Work request: In the listing below, locate the line with "Kệ di động kho lạnh (Mobile Rack)" and the line with "Hallmark O Come", then output both and everything between them exactly, minus any pictures.

Given records:
☆ ☆ ☆ ☆

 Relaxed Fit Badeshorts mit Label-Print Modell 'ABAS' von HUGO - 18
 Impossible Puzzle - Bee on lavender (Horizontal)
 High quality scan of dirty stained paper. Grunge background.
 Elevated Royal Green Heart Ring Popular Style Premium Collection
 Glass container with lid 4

☆ ☆ ☆ ☆

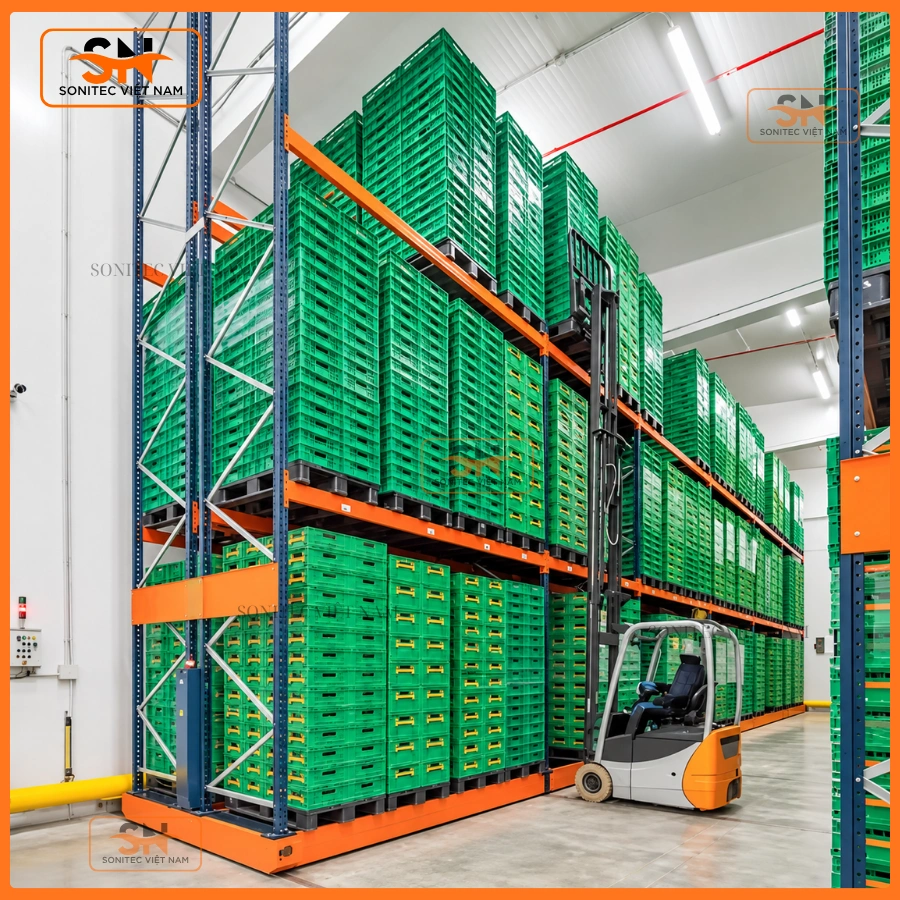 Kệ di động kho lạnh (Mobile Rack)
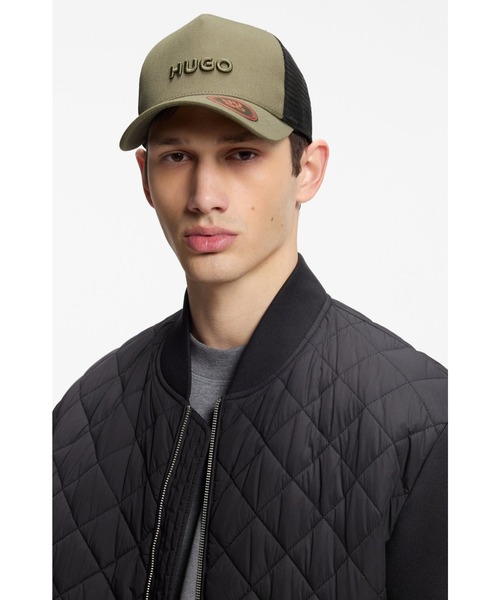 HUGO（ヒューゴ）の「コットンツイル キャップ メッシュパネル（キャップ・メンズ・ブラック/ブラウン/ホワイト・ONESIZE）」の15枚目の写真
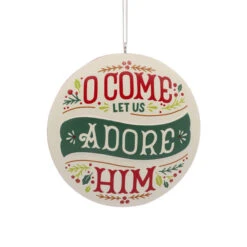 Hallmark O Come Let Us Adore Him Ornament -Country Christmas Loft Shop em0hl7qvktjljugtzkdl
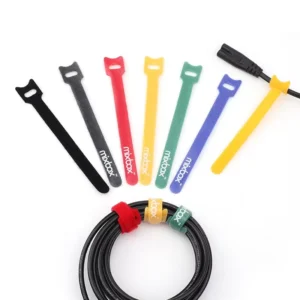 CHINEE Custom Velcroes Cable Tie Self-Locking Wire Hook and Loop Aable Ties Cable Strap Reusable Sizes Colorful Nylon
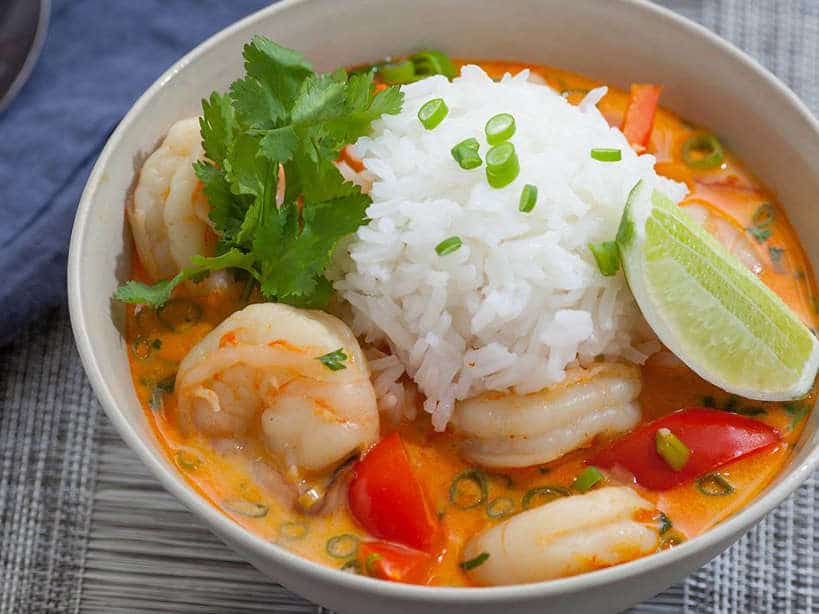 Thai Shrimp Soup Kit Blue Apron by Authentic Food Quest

☆ ☆ ☆ ☆

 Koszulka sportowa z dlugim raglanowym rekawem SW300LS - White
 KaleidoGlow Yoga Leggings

☆ ☆ ☆ ☆

Result of the exercise:
 Kệ di động kho lạnh (Mobile Rack)
 HUGO（ヒューゴ）の「コットンツイル キャップ メッシュパネル（キャップ・メンズ・ブラック/ブラウン/ホワイト・ONESIZE）」の15枚目の写真
 Hallmark O Come Let Us Adore Him Ornament -Country Christmas Loft Shop em0hl7qvktjljugtzkdl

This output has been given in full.